You see at this point, our only experience of MS was the mother of an ex-work-colleague who died. Plus people like the great Ronnie Lane and Richard Pryor who also carked it too early. I also remember awful adverts that the MS Society used to run in my Mum & Dad's newspaper -
images of people where the spine had been torn away or where a young man wets himself in a public toilet. Obviously I know now what they were getting at, but I can't think they were ever
very helpful for anyone who had been recently diagnosed. (their recent ad campaigns have been LOADS better)

At the time my dad hadn't yet retired and was paying into a private health scheme. So rather than waiting for an NHS appointment to come through, we went Private. I'm not proud, we were desperate for an answer.

Shortly afterwards we went for an appointment with a very jolly neurologist and I had my first stab at the time-honoured walk-in-a-line, touch-your-nose, push-against-my-leg, can-you-feel-this? aerobics routine which has become so familiar to me now.

He was very calming and recommended I have an MRI scan to find out once and for all what the deal was. If you haven't had one, I don't recommend it for laughs. But it beats a lumbar puncture.

A couple of weeks later he called me up - he told me there was nothing to worry about, that it wasn't a life or death situation but I should come in for a chat.

In a way, it was a relief to find out what the problem was after all this time when he said the words Multiple Sclerosis. Emma burst into tears and then we had to go outside to break the news to my parents - that was the hardest part of that evening. Like us, they were bewildered, ignorant and scared, but I guess everyone feels that way at the point of diagnosis.

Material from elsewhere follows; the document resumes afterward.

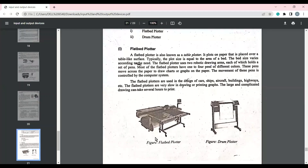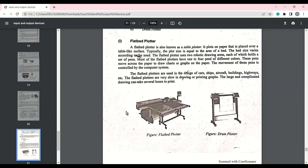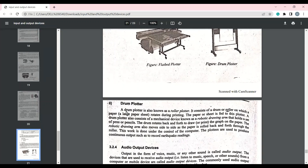Plotters بہت بڑے بڑے complex designs، جیسے cars، ships، aircraft، buildings، highways کی drawings کے لیے use ہوتے ہیں۔ بہت complicated drawings کے لیے use ہوتے ہیں اس لیے ان کا print out produce ہونے میں بہت زیادہ time لگتا ہے اور ان کا output کافی گھنٹوں بعد ہمیں receive ہوتا ہے۔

The fantastic MS nurses at Queens Medical Centre in Nottingham were and continue to be a fantastic source of support and real information - if you've just been diagnosed, stay off Google and talk to a professional face-to-face.

But it should also be said that the physio we had seen way back at the start of this lengthy post was bang on the money. And for putting the idea into our heads right at the start of this process he really did us a favour.

more time off work

The thing that really bugged me about the early reports of swine flu was the way that they all said that the only people who would die were those with "underlying health issues".

Erm... *ahem*... hi there.

Not that I was wishing death on "normals". Just that, even though it worried me a little, it was really freaking my family out, thanks

Now I don't think I've got yr actual H1N1, but I've got enough symptoms to warrant 5 days in (sort of) quarantine with Tamiflu.

Other than that, things are going pretty well, 'health-wise'. The recent relapse has cleared up but the spectre of MS is weighing on my mind a fair bit. I know in the grand scheme of things I've got it pretty mild but I guess for most people it's the uncertainty of your future with MS which can drive you slightly mad.

keeping cool

Sitting in the theatre where I work as I write this draft on my lovely iPod. It was my birthday the other week and I figured I deserved a treat!

The theatre's the coolest space in the building at the moment, as the rest of the building is hotter than the sun. Which isn't exactly doing wonders for my concentration but never mind.

My employer has suggested that we look at government schemes which are available to make working easier for disabled people.

So, I had a totally fruitless chat with someone from Access to Work the other day. Basically he said there wasn't any point in them sending someone out to asses me when i'm feeling fine. I explained (as I had in my initial application) that my condition was Relapsing & Remitting and that I wanted someone to come and look at what could be set up for me for when I'm not so good.

To cut a long story short, they can only help when I'm feeling shit. Ironically, at times when work will be the last thing on my mind (and when in all probability I'll have been signed off by my doctor), they can pay for taxis to get me into work.

About 10 working days after I've reported another attack.

One of my colleagues (ironically a very spiritual man) suggested I should pretend to limp around the building. That sort of thing just brings about bad karma, so I think I'll pass!